[Records contained in a dataset]
BEGIN

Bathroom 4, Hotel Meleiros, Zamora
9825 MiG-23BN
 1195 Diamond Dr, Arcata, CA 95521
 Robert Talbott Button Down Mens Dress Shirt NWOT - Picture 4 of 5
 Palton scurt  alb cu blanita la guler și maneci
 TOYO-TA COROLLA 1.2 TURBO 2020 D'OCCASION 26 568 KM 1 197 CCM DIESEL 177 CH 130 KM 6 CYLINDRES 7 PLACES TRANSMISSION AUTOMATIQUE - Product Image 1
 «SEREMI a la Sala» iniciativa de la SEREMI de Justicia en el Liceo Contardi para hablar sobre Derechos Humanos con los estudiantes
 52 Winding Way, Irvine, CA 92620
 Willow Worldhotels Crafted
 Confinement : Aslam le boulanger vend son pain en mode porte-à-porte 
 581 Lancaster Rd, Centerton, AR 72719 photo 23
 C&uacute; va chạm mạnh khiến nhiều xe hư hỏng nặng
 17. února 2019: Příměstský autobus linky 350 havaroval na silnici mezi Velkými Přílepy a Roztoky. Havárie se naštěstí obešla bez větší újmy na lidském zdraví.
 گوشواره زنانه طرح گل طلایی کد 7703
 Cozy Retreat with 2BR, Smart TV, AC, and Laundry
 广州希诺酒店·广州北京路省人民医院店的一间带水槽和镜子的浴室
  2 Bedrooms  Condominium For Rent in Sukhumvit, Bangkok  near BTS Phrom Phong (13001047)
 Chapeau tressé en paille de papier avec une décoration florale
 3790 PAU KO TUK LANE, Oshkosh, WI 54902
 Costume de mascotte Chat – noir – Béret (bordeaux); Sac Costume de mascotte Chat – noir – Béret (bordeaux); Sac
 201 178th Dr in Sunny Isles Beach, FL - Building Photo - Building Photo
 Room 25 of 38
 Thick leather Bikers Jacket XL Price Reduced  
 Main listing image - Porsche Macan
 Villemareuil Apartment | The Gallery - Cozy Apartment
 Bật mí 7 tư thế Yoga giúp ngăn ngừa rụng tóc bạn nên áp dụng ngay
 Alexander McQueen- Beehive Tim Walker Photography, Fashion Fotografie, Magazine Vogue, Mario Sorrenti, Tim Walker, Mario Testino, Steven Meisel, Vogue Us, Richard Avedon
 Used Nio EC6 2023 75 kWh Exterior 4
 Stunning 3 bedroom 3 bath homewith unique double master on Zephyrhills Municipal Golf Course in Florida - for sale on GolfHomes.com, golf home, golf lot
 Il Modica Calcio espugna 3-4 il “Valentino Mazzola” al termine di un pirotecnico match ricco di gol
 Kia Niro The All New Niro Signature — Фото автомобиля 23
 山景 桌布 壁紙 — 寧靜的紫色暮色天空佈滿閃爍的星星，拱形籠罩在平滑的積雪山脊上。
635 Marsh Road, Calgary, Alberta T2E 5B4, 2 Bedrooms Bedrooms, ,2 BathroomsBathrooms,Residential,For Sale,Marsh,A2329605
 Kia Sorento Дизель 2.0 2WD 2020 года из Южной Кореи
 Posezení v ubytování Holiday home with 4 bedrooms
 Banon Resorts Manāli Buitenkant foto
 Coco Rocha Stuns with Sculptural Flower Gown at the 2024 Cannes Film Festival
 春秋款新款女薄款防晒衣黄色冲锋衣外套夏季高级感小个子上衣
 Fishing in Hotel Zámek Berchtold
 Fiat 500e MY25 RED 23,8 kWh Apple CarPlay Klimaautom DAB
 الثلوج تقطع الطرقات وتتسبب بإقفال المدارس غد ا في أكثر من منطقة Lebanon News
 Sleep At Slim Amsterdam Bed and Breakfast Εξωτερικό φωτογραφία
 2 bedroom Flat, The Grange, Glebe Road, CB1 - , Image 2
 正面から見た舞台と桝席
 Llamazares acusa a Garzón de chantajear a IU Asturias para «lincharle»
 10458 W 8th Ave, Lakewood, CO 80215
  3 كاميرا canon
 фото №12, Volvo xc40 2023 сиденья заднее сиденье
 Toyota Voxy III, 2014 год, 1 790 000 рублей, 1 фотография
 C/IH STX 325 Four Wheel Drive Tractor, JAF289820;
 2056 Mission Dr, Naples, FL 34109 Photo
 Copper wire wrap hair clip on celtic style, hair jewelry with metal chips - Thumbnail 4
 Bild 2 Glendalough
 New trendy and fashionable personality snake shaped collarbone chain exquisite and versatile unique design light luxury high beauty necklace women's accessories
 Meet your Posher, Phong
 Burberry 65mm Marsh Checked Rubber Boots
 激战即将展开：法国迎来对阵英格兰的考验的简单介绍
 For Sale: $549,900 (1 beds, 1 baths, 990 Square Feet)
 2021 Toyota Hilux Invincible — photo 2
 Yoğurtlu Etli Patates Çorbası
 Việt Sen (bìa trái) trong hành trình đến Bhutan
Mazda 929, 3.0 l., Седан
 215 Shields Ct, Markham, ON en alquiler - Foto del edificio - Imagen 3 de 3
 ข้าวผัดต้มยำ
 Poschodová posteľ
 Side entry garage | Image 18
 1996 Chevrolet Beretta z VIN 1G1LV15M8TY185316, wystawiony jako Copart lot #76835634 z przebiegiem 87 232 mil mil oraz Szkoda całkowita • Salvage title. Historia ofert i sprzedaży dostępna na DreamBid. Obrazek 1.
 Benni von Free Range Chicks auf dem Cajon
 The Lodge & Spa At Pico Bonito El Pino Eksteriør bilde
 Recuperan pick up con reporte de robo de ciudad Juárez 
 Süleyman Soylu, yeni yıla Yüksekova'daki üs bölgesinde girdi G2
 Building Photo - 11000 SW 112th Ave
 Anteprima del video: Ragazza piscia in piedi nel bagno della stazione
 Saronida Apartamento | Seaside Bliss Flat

END

### Task description
Repeat exactly the lines above from the one with "Kia Sorento Дизель" up to and including the one with "春秋款新款女薄款防晒衣黄色冲锋衣外套夏季高级感小个子上衣". No other line belongs in the reply.

### Solution for this exercise
 Kia Sorento Дизель 2.0 2WD 2020 года из Южной Кореи
 Posezení v ubytování Holiday home with 4 bedrooms
 Banon Resorts Manāli Buitenkant foto
 Coco Rocha Stuns with Sculptural Flower Gown at the 2024 Cannes Film Festival
 春秋款新款女薄款防晒衣黄色冲锋衣外套夏季高级感小个子上衣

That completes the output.